Stored items from a collection:
..............................

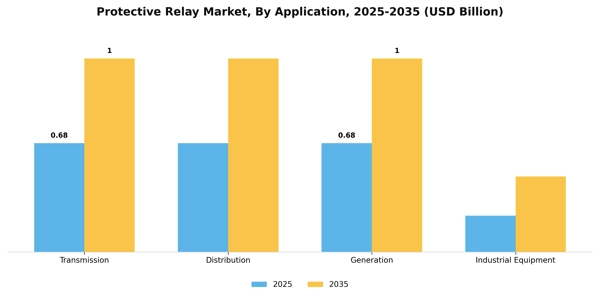 Protective Relay Market Segment Image 0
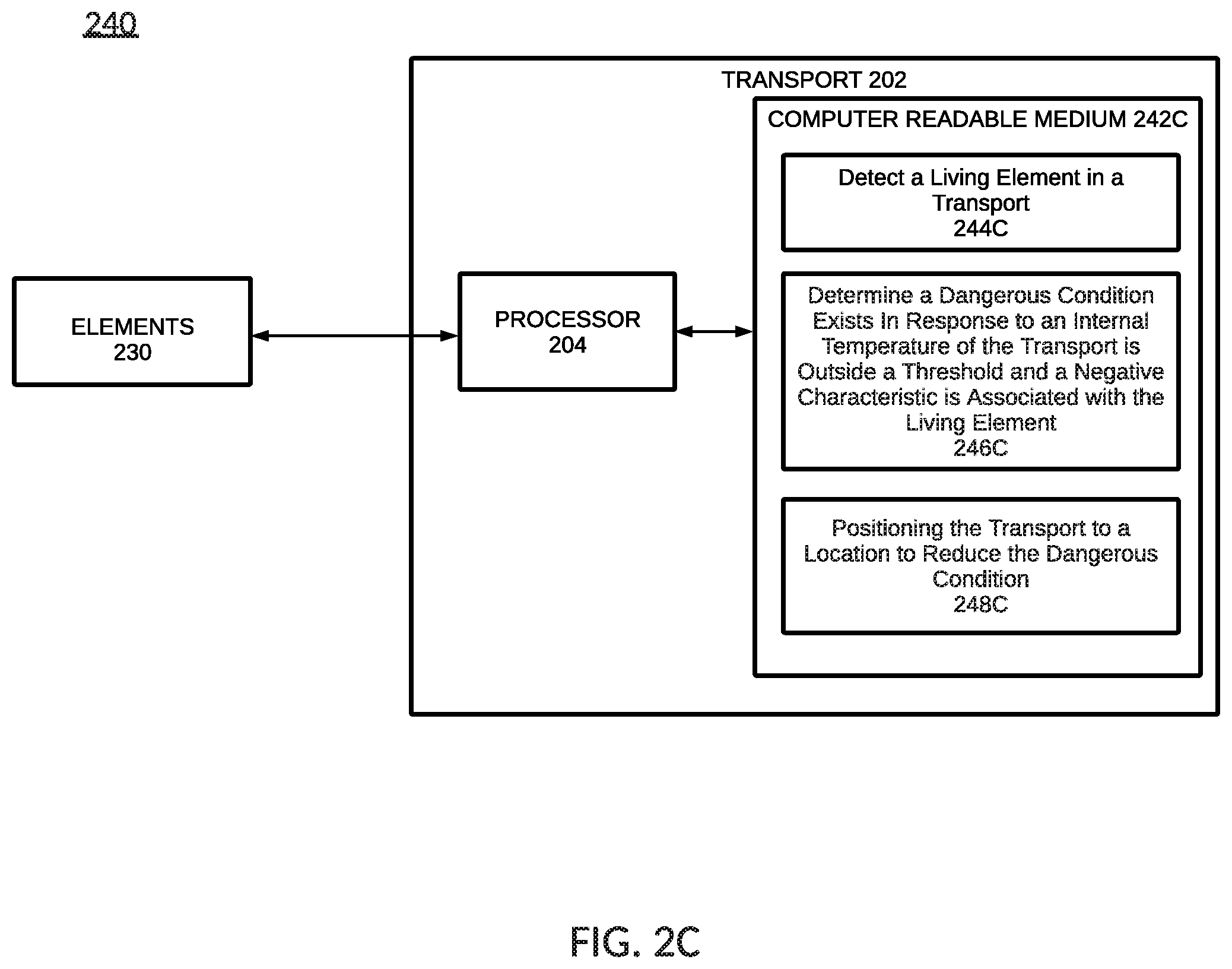 Patent US12097815 Figure 4 – Protecting living objects in transports
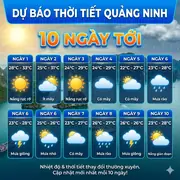 Dự báo thời tiết quảng ninh 10 ngày tới (từ 06/04/2026): nắng đẹp, nhiệt độ 23-29°C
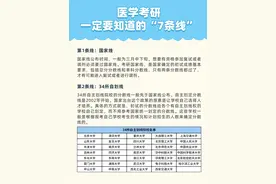 医学考研一定要知道的”7条线”图片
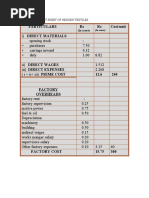 Cost Sheet of Nexgen Textiles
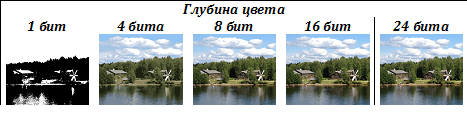 Цветова дълбочина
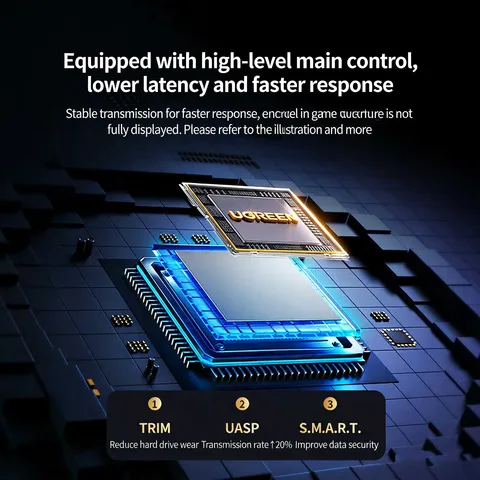 Корпус для SSD UGREEN 20Gbps  RGB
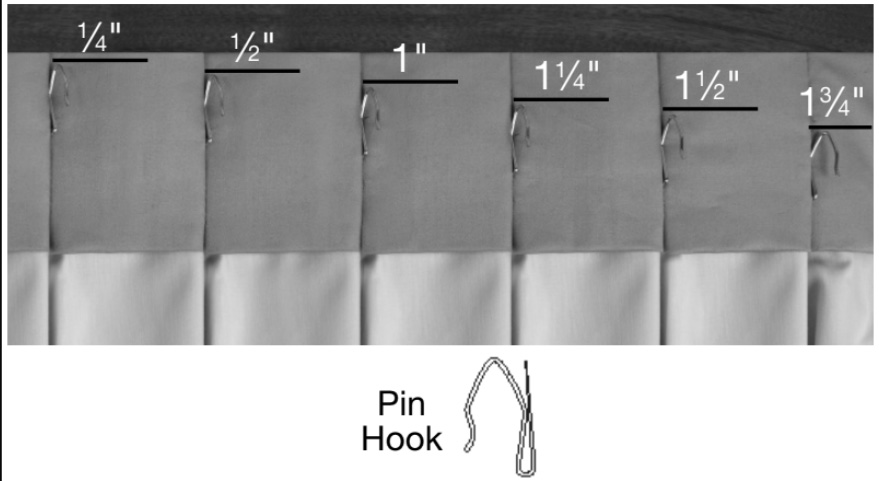 Pin Hook Placement 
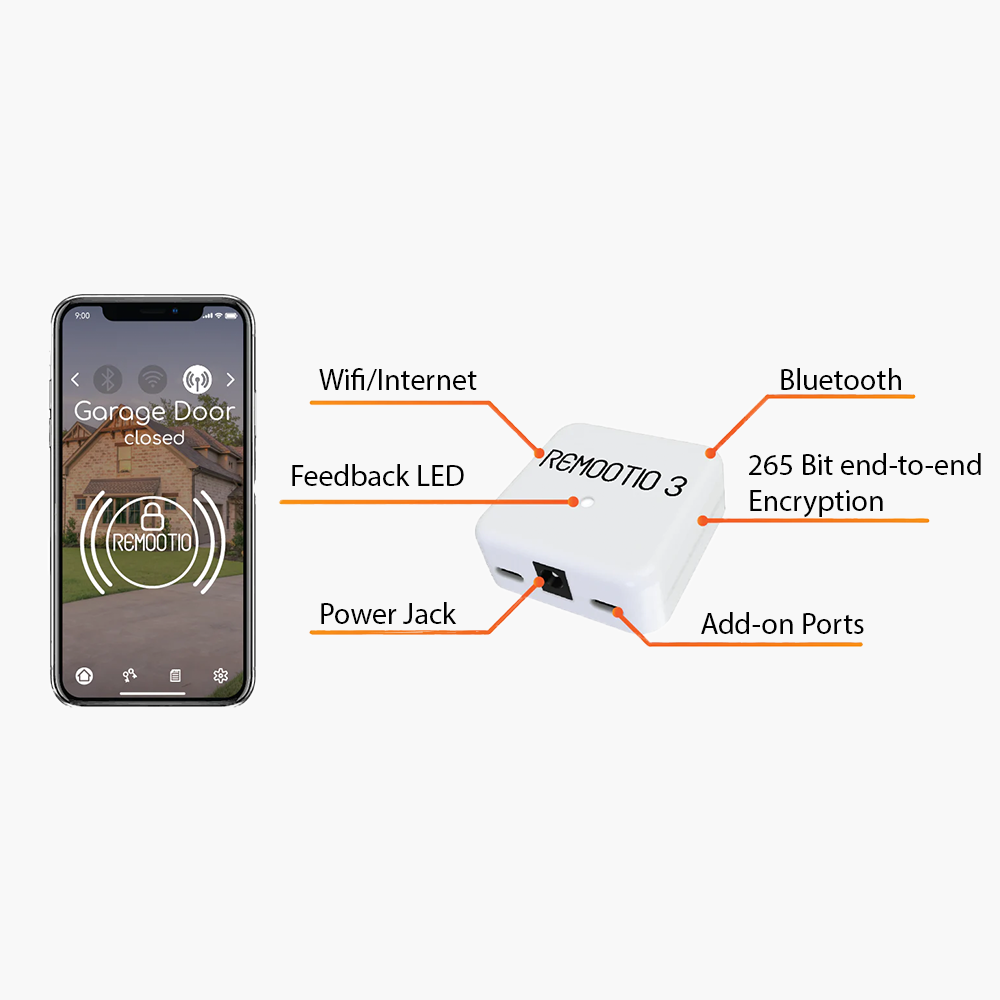 Remootio WIFI & Bluetooth gate controller | Edgesmith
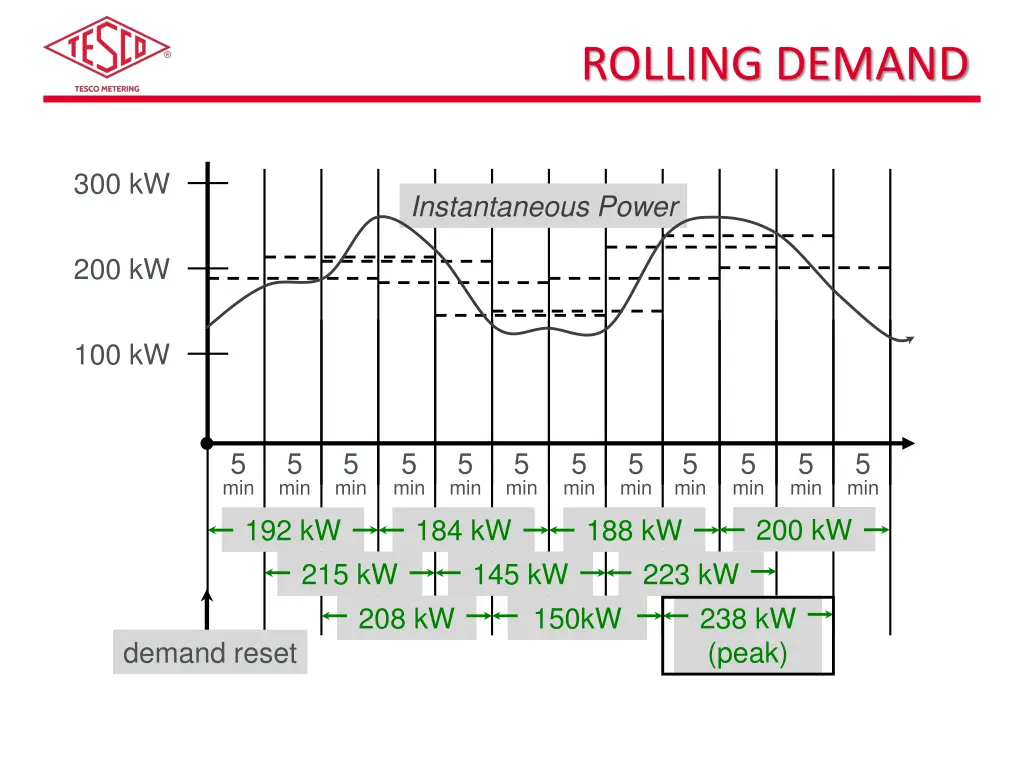 rolling demand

..............................

Your objective:
Return every entry word for word, but drop any pictures.

Output for this exercise:
 Protective Relay Market Segment Image 0
 Patent US12097815 Figure 4 – Protecting living objects in transports
 Dự báo thời tiết quảng ninh 10 ngày tới (từ 06/04/2026): nắng đẹp, nhiệt độ 23-29°C
 医学考研一定要知道的”7条线”图片
 Cost Sheet of Nexgen Textiles
 Цветова дълбочина
 Корпус для SSD UGREEN 20Gbps  RGB
 Pin Hook Placement 
 Remootio WIFI & Bluetooth gate controller | Edgesmith
 rolling demand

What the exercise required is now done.